When the First Cold War ended in the early 1990’s, people in the West began to focus more on problems at home – especially crime. Crime was at the crest of a wave, with each year breaking the record for the highest ever rates on both sides of the Atlantic.
It was no longer practical to investigate each and every crime – there were too many, and resources too limited. Law enforcement officials started to look at alternative methods of policing. One of the most significant innovations in modern policing started to gain traction. This was crime analysis.
The crime analyst was different from a detective. They had no gun, no badge, no power of arrest. No car, no uniform, no truncheon.
What they did have was data. And data was the tool they used to combat crime.
Combatting crime (in the abstract noun sense) is not quite the same as solving a specific crime. Combatting might mean detecting, predicting and preventing crime – and in practice crime analysts worked best when they focused on these activities. After all, solving individual crimes was a detective’s job.
Logic: deductive and inductive
Before crime analysis, crimes were usually tackled with deductive logic. A simplistic example: John Burglar’s fingerprints were found at the burglary scene – John Burglar is a likely suspect. This approach depended on painstaking evidence gathering, and was completely geared towards securing convictions.
The crime analyst’s approach was different. Crime analysis focuses on inductive reasoning – where information is used to draw an inference not immediately deducible from the pillars of the argument. Another simplistic example: burglary crime rises significantly in a certain area whenever John Burglar is out of prison, although there’s no actual evidence to link John Burglar to a specific crime. Seemingly unconnected events give rise to a lead that would otherwise not be noticed.
Pragmatism: what makes a real difference?
Another important difference is that the missions were subtly different. The detective wants to catch the criminal, but the analyst wants to reduce burglary.
Crime analysis is pragmatic enough to recognise that displacement – making it difficult to commit crime in an area, for example by using better street lighting; or friction – making it harder to commit a crime successfully, for example by restricting parking around the jewellery district – are both worthy because they will lower crime.

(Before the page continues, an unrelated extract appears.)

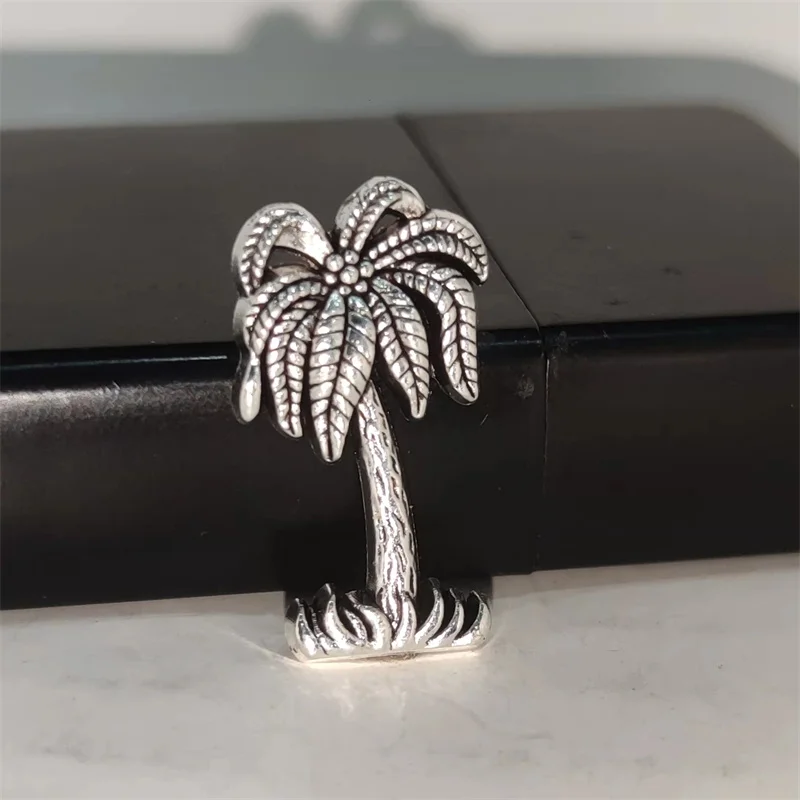 Men Accessories In Silver - Distintivo in lega fai-da-te a forma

Inductive reasoning – crime analysis – was revolutionary. By using the masses of data available to police and government, analysts were able to expose new leads, highlight crime hotspots, predict crime trends and warn about emerging threats.
And so we come to payment fraud detection – another child of the 1990’s. The methods of tackling online fraud mirror the development of law enforcement techniques quite nicely.

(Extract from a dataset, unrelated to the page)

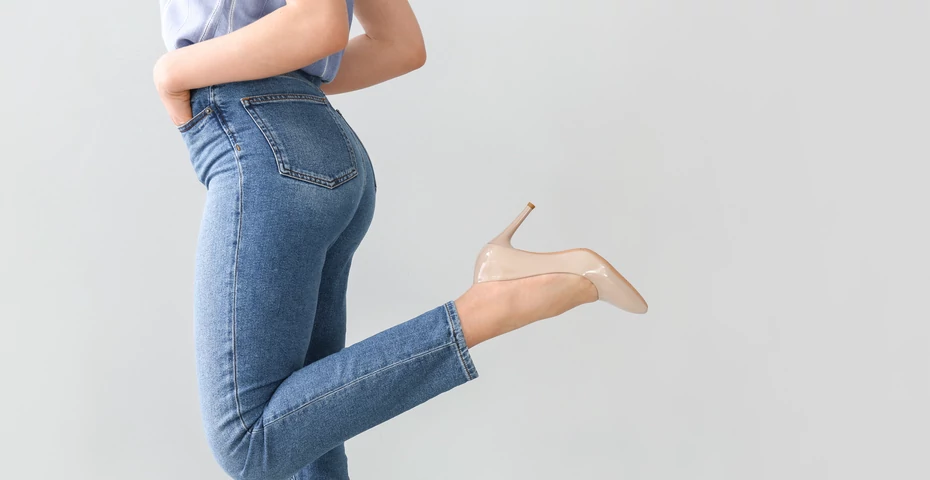 Moda na jeans! Jak wybrać jeansy idealne?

Payment fraud: the deductive approach
The first approach in tackling payment fraud – and still by far the most common in use today – was to use deductive logic. From blacklists to automated rule engines, these are examples of deductive reasoning at work. Certain fraudulent characteristics are met – the order is blocked. Introduce humans to help the process. Very costly. Automation and streamlined workflows have been the optimisation methods, but anyone who’s ever suffered from a false positive will know their limitations.

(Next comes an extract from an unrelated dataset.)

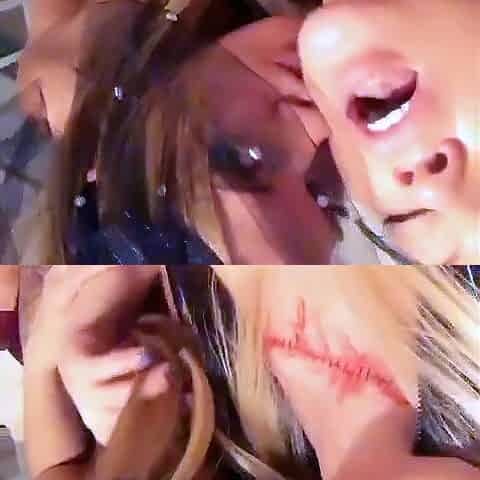 Amateur blonde babe masturbates on cam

The problem with this approach is that it mimics the process of deduction without the benefit of real evidence. It is a failed police state: there are lots of “police” (big fraud teams), the prisons are full (of false positives), but unlike a functional police state, there is still lots of crime (fraud, or chargebacks).
Machine learning: inductive reasoning automated
So is there any way to bring the inductive reasoning revolution to fraud detection? Yes. Machine learning is the answer. At its best, ML mimics the analytical process by drawing inferences from seemingly unrelated characteristics or “features” – potentially thousands of them – that a “detective”, meaning a human driving a deductive approach, simply cannot.
Machine learning is so useful, and so effective at this that it has begun to complement (or even replace) intelligence analysts in forward thinking crime agencies. Predictive crime mapping, correlating local thefts to wholesale commodity prices and so on are real world examples. Fraud is no different. One of the reasons we are so enthusiastic about machine learning at Ravelin is that it is such a suitable candidate for the problem we work on – fraud detection.
As the Chief Intelligence Officer at Ravelin – and a former intelligence analyst – I am concerned that our machine learning approach must also inherit the pragmatism of crime analysis. We must acknowledge that there is an explicit balance between fraud prevention and false positives. There will always be some fraud getting through. Trying to stop all fraud will inevitably mean stopping a large number of good orders too so a balance needs to be reache. We need to always bear in mind that disrupting the patterns of fraud is the goal - not stopping every single incident.
While I don’t claim that crime analysis and inductive reasoning alone have led to the major reductions in crime seen across the western world since the 1990’s, I am very excited indeed about being at the forefront of the introduction of these inductive techniques to fraud detection. Neural nets are an area of particular focus at the moment and probably represent the best expression of inductive logic in computing we currently have. It is a hugely exciting time to be working in fraud and it is a privilege to shape what comes next.